Pictures aside, every line of the listing should be given again exactly.

───── Entries shown ─────

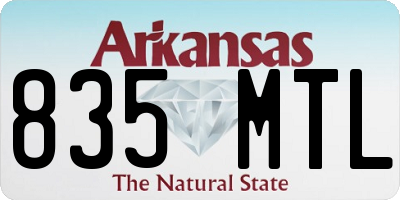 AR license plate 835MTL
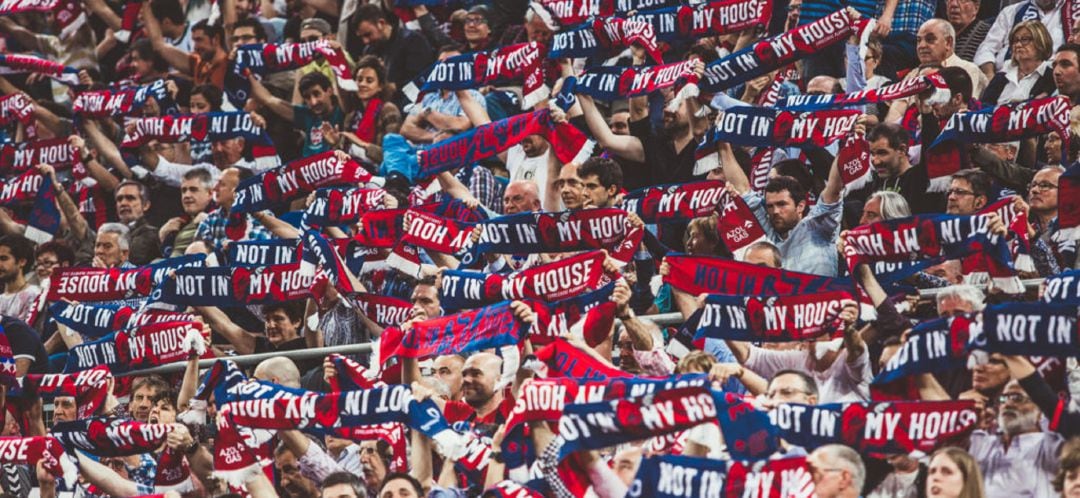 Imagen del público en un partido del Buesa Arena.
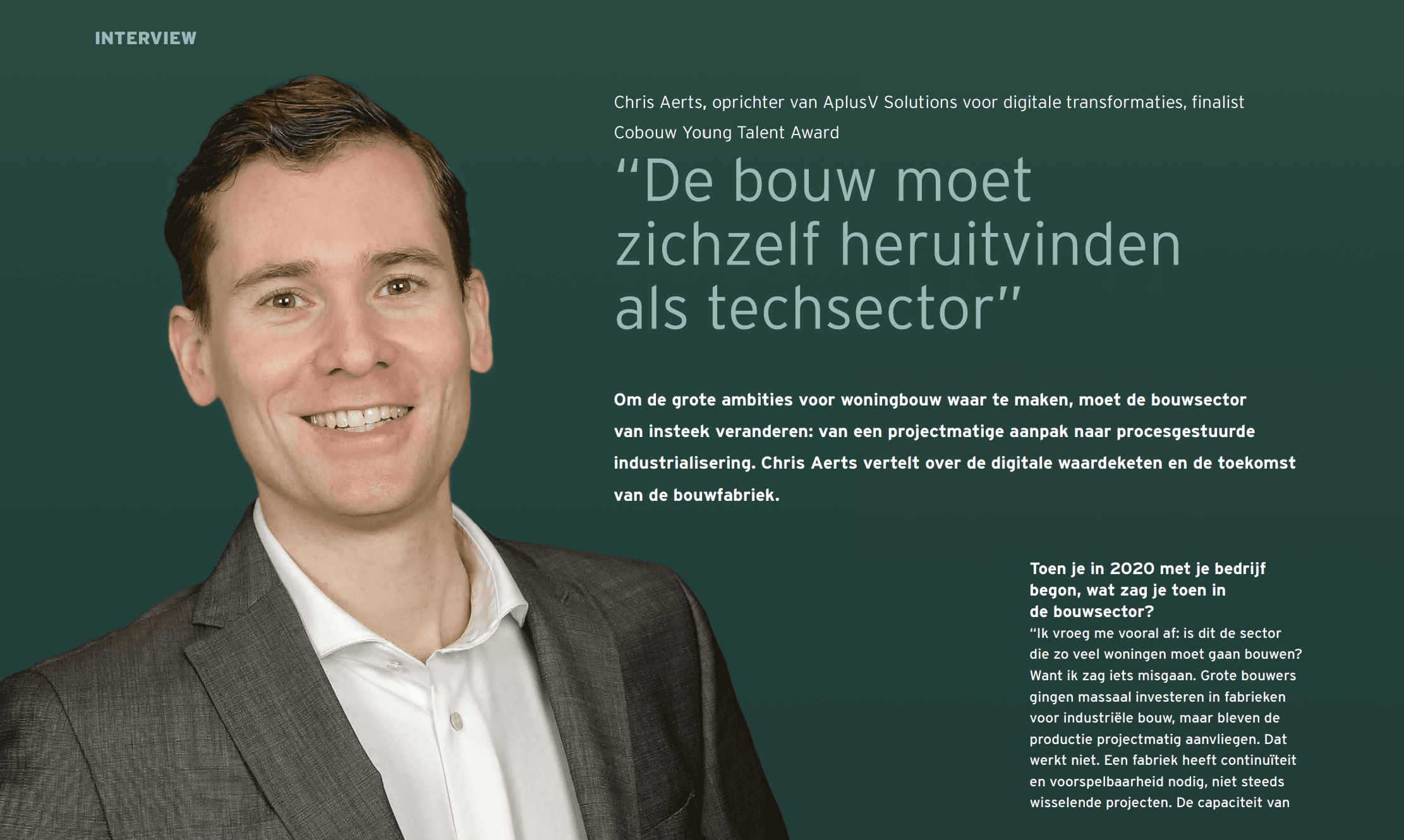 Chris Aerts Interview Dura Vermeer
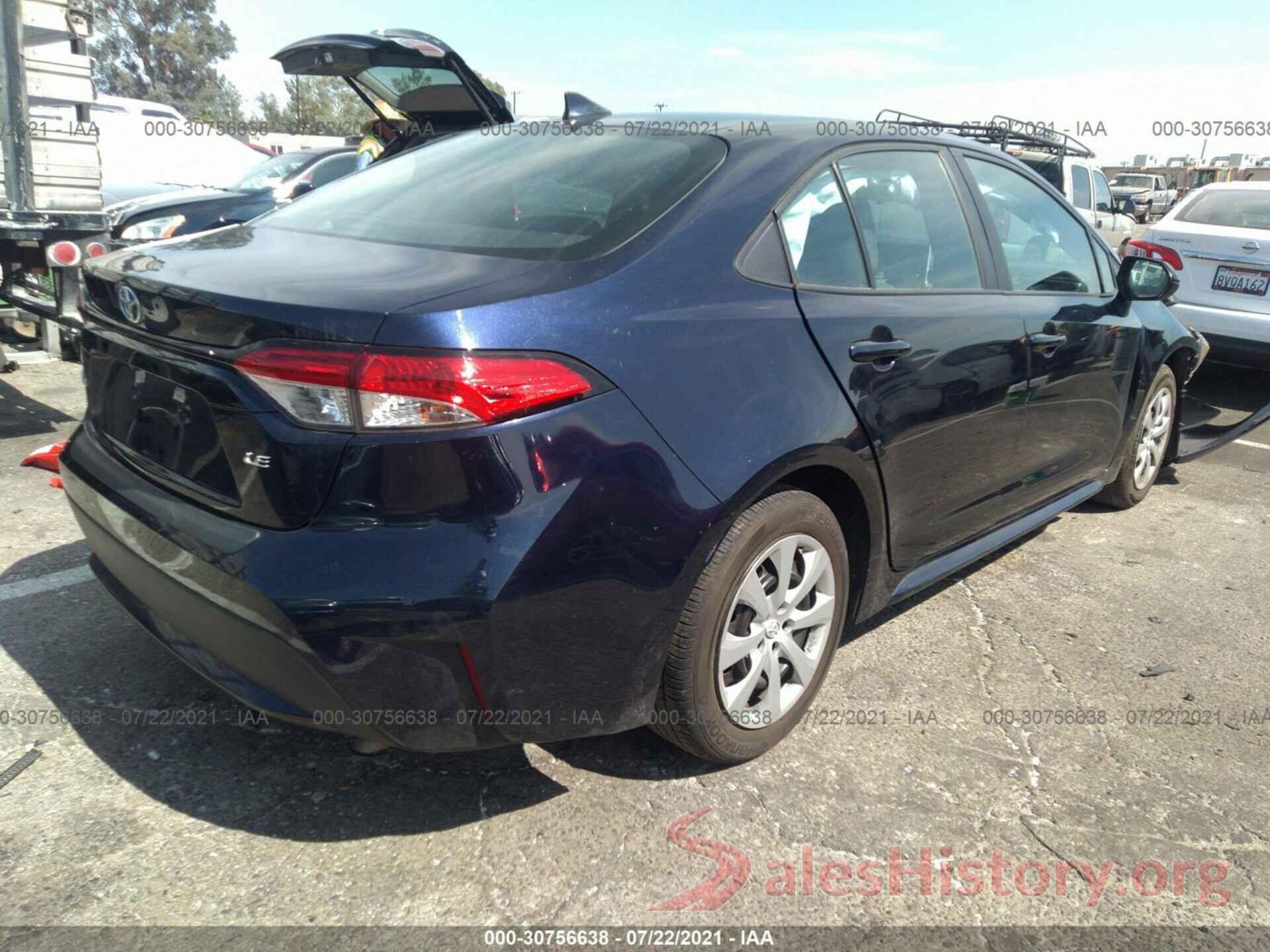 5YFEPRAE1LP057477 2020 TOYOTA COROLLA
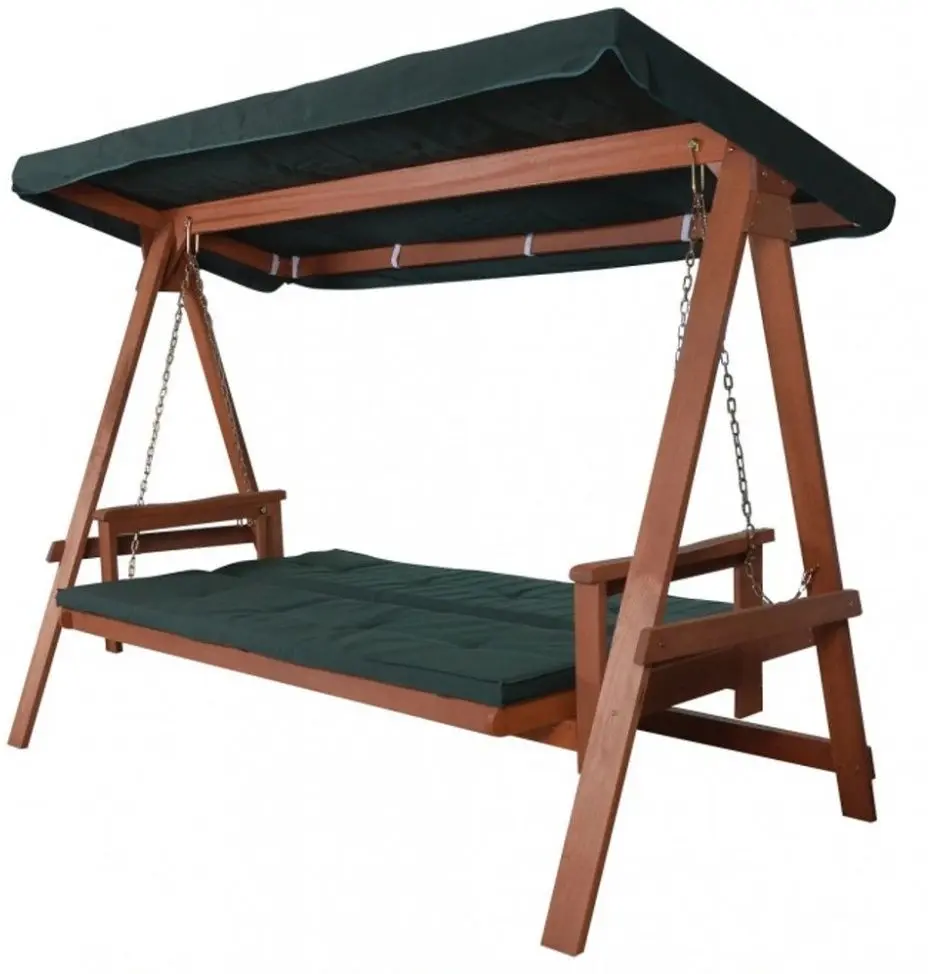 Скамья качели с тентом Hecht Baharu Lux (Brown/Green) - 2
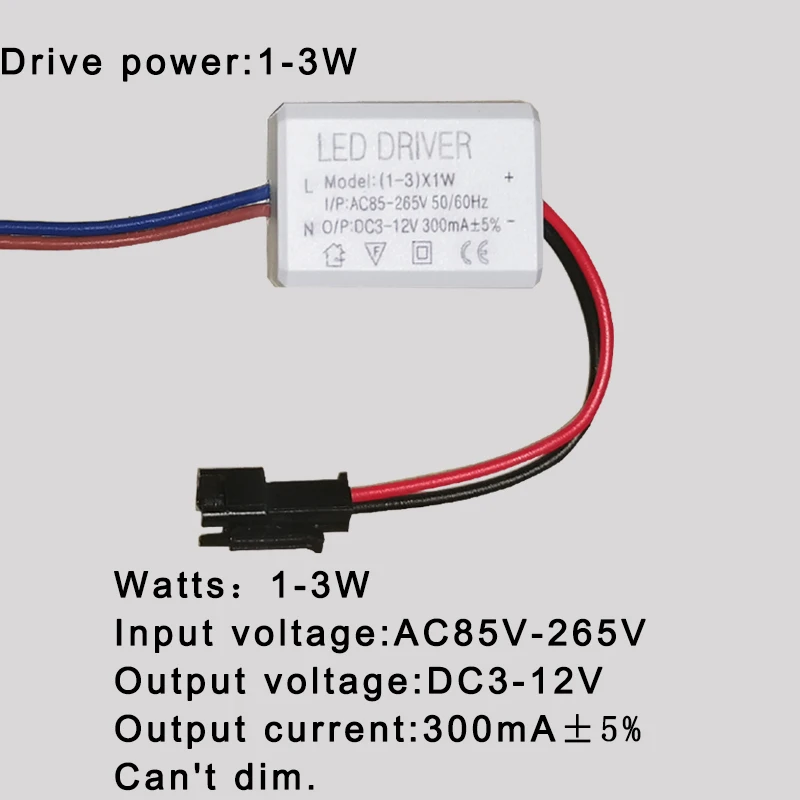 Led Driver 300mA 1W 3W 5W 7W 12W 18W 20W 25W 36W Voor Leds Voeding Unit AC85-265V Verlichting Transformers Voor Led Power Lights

─────

#### [Answer for this exercise]
 AR license plate 835MTL
 Imagen del público en un partido del Buesa Arena.
 Chris Aerts Interview Dura Vermeer
 5YFEPRAE1LP057477 2020 TOYOTA COROLLA
 Скамья качели с тентом Hecht Baharu Lux (Brown/Green) - 2
 Led Driver 300mA 1W 3W 5W 7W 12W 18W 20W 25W 36W Voor Leds Voeding Unit AC85-265V Verlichting Transformers Voor Led Power Lights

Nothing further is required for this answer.